The caravan park was large, and busy, Cobar being at a cross roads of both east-west and north-south routes. There was a big grassed area right up the back, behind the unpowered camp sites, where we were able to throw a ball for dog and give her some running exercise.
Unfortunately, there was also a stray young goat wandering about the park, that seemed to think it was a dog, or would like a canine new best friend to follow around. Couey didn’t agree, so we had to take evasive action whenever goat appeared in the distance. Fortunately, it didn’t seem to wander down the front of the park, where our site was.
Upon waking, we decided to have another lazy day here, since it was such a pleasant place.
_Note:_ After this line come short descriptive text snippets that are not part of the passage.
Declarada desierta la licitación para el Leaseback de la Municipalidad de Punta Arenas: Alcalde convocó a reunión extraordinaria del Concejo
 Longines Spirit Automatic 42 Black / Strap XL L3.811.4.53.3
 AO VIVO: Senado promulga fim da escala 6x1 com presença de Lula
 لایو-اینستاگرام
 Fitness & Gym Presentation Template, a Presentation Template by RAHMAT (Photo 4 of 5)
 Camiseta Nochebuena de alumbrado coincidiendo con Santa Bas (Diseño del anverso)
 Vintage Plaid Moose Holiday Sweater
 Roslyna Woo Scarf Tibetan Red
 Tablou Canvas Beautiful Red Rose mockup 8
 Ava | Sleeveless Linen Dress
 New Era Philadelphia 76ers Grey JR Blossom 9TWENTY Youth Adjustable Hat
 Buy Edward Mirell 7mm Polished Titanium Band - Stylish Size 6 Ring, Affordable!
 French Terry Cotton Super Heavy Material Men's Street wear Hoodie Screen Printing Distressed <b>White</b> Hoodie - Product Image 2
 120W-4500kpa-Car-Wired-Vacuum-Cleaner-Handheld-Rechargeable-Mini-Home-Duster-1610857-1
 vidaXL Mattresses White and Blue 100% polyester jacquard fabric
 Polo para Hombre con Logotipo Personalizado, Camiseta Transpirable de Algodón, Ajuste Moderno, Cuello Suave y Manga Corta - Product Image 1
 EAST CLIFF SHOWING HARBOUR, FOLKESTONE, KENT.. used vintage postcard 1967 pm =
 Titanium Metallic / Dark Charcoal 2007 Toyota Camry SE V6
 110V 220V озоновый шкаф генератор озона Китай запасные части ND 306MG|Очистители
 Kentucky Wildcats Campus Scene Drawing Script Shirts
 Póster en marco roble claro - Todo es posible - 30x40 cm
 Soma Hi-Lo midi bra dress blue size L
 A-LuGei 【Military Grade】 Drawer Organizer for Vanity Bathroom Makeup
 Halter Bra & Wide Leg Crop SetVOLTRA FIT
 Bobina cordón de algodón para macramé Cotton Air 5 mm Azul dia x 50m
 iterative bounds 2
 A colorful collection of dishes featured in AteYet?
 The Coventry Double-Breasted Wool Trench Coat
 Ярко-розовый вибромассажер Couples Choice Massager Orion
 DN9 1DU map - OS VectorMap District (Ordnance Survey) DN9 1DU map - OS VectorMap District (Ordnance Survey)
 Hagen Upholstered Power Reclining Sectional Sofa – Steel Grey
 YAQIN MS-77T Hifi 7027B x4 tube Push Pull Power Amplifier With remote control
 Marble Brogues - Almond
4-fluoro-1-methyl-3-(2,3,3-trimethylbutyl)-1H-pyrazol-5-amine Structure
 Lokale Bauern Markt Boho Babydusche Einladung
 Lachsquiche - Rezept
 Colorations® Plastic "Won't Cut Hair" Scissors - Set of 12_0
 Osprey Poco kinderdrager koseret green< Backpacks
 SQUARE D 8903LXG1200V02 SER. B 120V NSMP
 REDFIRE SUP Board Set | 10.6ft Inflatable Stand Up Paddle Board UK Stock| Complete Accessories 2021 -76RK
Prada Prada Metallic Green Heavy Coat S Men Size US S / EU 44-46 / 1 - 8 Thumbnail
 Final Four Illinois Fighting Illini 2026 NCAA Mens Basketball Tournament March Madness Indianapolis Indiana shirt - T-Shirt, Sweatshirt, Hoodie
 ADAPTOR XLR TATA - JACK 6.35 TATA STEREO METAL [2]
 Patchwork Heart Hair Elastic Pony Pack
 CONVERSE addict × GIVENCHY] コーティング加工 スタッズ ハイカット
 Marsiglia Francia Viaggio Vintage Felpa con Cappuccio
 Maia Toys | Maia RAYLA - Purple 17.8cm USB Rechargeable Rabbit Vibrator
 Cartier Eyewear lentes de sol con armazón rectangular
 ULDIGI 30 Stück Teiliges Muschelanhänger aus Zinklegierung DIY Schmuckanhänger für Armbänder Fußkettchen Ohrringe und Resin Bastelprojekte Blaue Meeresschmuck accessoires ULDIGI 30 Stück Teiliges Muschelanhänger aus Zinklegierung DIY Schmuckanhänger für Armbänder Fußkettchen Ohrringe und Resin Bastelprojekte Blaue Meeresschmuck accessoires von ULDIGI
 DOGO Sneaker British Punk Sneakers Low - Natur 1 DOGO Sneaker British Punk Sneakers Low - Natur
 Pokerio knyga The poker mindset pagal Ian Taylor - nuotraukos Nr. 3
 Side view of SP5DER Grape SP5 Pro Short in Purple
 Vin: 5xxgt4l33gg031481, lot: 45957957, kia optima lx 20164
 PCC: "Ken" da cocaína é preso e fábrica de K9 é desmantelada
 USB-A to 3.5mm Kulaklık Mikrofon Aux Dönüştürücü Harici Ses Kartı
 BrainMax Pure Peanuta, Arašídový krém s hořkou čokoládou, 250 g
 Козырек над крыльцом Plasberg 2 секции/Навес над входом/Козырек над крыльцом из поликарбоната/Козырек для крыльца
Went up to the office to pay for another night, then showed manager lady the forum location and Badger’s site.
I read for a while, then tried to download some more e-books to my reader. Couldn’t quite remember how I did that, the first time, at home. Did not manage it well, this time. I did get some transferred to the reader, but not all that I tried for.
It was too nice a day to spend for long in Bus, playing with technology.
Warrawong on Darling. Camp kitchen just visible behind car.
We walked Couey around the lagoon. She’d had such a great time here. She had some good wallows in the shallows, then actually ventured into deeper water, after thrown sticks. She almost – but not quite – got to swimming depth. This was followed by much rolling in the dust – and, much later, by a big brushing session, before she was allowed in Bus again.
I inspected the Terios front bumper closely. It was more stone pocked than I’d realized, on Sunday. I thought there were a couple of small marks on the windscreen too. It really would have been much better to drive the two vehicles separately.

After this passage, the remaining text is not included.